_Exercise instructions_
The needed output is the run of lines below from the one containing "Merry shocked surprised" through the one containing "Manager Roland Virkus", copied exactly and free of pictures.

─── Information given

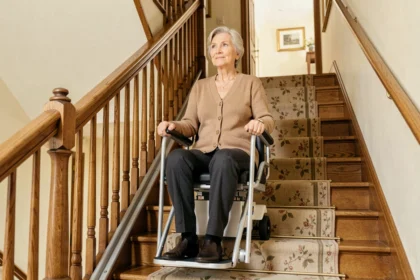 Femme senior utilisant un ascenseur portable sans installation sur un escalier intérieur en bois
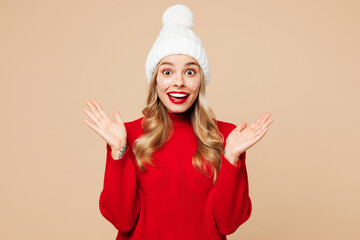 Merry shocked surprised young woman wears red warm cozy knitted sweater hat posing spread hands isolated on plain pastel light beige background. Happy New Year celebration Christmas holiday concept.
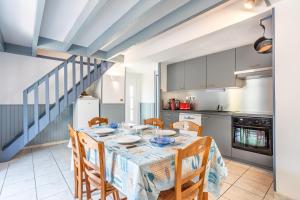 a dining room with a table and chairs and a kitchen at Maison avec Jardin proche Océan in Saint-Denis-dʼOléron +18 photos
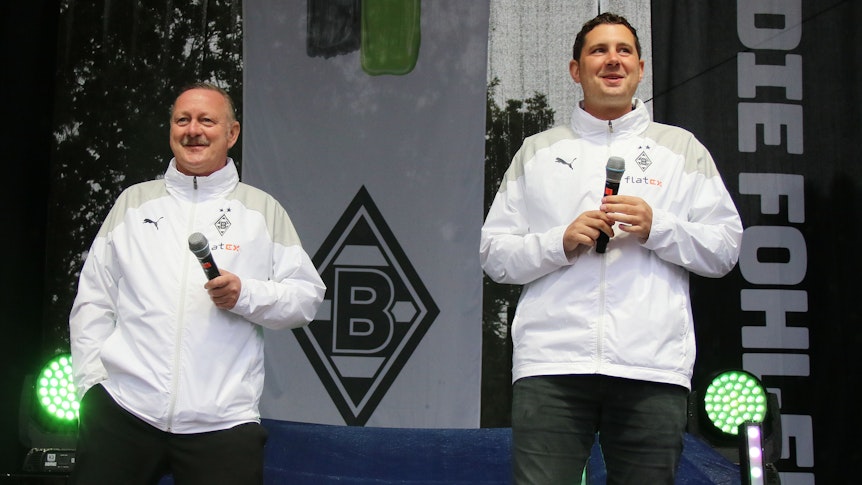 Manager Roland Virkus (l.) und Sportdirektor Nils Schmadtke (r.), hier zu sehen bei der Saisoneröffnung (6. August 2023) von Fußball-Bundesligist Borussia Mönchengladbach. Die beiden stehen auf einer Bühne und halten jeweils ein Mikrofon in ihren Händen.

──────
─── Information given

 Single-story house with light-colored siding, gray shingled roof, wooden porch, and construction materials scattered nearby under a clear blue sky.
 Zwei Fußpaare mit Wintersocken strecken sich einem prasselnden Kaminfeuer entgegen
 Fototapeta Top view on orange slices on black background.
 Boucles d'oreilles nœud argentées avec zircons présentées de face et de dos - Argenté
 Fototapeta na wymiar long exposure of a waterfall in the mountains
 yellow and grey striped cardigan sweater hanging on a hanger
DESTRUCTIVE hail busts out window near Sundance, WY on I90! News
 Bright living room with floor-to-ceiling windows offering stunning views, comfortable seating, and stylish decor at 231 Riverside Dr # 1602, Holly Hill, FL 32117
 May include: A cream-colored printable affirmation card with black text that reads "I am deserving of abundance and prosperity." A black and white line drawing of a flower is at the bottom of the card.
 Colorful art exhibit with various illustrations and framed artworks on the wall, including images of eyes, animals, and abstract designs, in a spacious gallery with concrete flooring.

──────

_Task result_
 Merry shocked surprised young woman wears red warm cozy knitted sweater hat posing spread hands isolated on plain pastel light beige background. Happy New Year celebration Christmas holiday concept.
 a dining room with a table and chairs and a kitchen at Maison avec Jardin proche Océan in Saint-Denis-dʼOléron +18 photos
 Manager Roland Virkus (l.) und Sportdirektor Nils Schmadtke (r.), hier zu sehen bei der Saisoneröffnung (6. August 2023) von Fußball-Bundesligist Borussia Mönchengladbach. Die beiden stehen auf einer Bühne und halten jeweils ein Mikrofon in ihren Händen.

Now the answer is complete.